It is amazing the stuff William and I have accumulated over twenty four years of marriage. About every five years, we purge the closets, cupboards, basement, and garage. We have a sale or haul the pile of unearthed stuff to one of our favorite charities. Every time we do this, we say, “There. We’re done. We’ve rid ourselves of everything we didn’t need or haven’t used.” And yet, somehow, the stuff manages to creep its way back in to our home, hiding in the closets and cupboards, piling up in the basement and garage. How does this happen?
The thing is Will and I don’t spend like we did in our younger days when we had the money and were completely irresponsible. In our defense, we also didn’t have a child for the first seven years. So yeah, we spent on ourselves. But as we’ve matured (notice I didn’t just say got older), our spending habits have been reigned in completely. Still, the stuff magically appears in our home.
I’m not talking about the unexpected gifts one receives and upon opening says, “Oh…that’s so…lovely,” all the while thinking, This has garage sale item written all over it. Those items disappear immediately. (Right now my very much alive mother is digging her own grave so she can roll over in it all the while despairing of my bad manners.)
Will is on vacation this week, and it is the perfect time to rearrange the closet in the back bedroom where I have stored all sorts of home décor and mementos from our son’s baby years. My darling hubby takes up half of the closet we share with his dress and casual clothes, and now he needs another full closet for his works clothes.
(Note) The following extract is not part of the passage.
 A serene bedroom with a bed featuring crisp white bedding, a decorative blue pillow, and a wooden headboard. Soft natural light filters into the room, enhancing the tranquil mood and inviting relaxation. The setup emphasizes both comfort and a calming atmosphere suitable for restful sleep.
This means it is also time to move the shelf from the basement where his overflow of clothing is stored as well as empty the bins where he keeps his unmentionables. Remember: I have half a closet for all my dress and casual clothes, shoes, and lingerie. Is there something wrong with this picture?
The job takes longer than I expect because I have to dust and sort the home décor and Joshua’s keepsakes into separate bins, and I discard a whole bunch of stuff I forgot we even owned. When combined with the things removed from the basement shelves, we part with a Victoria’s Secret purse given as a promotional item with a purchase of perfume, a vintage-looking hat stand, two egg trays I never used, a two-pound dumbbell whose mate went to Goodwill years ago, a mini-vacuum for electronics, a bag of tee-shirts, paint-by-number pictures Will’s Grandmother Richards painted, three Asian prints I swore I’d have framed someday, and on and on and on.
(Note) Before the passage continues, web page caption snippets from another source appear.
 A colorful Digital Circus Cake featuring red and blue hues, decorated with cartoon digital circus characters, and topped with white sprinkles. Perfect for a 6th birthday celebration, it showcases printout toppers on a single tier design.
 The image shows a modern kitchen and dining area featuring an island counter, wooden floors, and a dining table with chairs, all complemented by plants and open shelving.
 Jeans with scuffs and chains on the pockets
Why do we hold on to this stuff especially when it isn’t even the good stuff? Still, I’d like to think we received a reward for making the effort to clear our lives of so much junk. Will shifts the shelf in the basement and immediately realizes it must be swept off before I allow him to move it another inch. As I step closer to pick up what our two cats have knocked under the shelf, I spy something of incredible worth lying in the dust.
“Oh my gosh,” I scream as I squeeze past Will and the shelf, swipe the item off the floor, and crash into my canning jars. I break one of the jars, so now I’m hopping around on one foot, our son has come running down the stairs because he believes I’ve hurt myself, and William, who cannot see what I’m holding, is in a bit of a panic. He shouts at me to not cut myself on the broken jar. But my face is beaming and I’m laughing as I hold up a gold, circular band and say, “Look—I found your wedding ring!”
Two years ago, one of the cats (probably Henry) knocked Will’s wedding ring out of the cubby hole beneath our bathroom cabinet. When I noticed the ring wasn’t in the bathroom and hadn’t been placed in my jewelry box (where it belongs), I questioned Will. Long story short, we came to the conclusion that it had been batted down the sink or into the register vents, lost forever, my heart broken. Today, it has been restored to its proper place. No, not Will’s finger; he’s still employed in a warehouse doing work that would wreak havoc upon fine gold jewelry.
As I think back on the whole wonderful experience, I keep wondering why after two years of praying did I find Will’s wedding ring now? Yes, finding the ring is reward enough, but I also believe we learned the lesson of keeping our lives clutter free. Whether it’s physically, mentally, or spiritually, a clean life really does provide opportunity for extraordinary reward.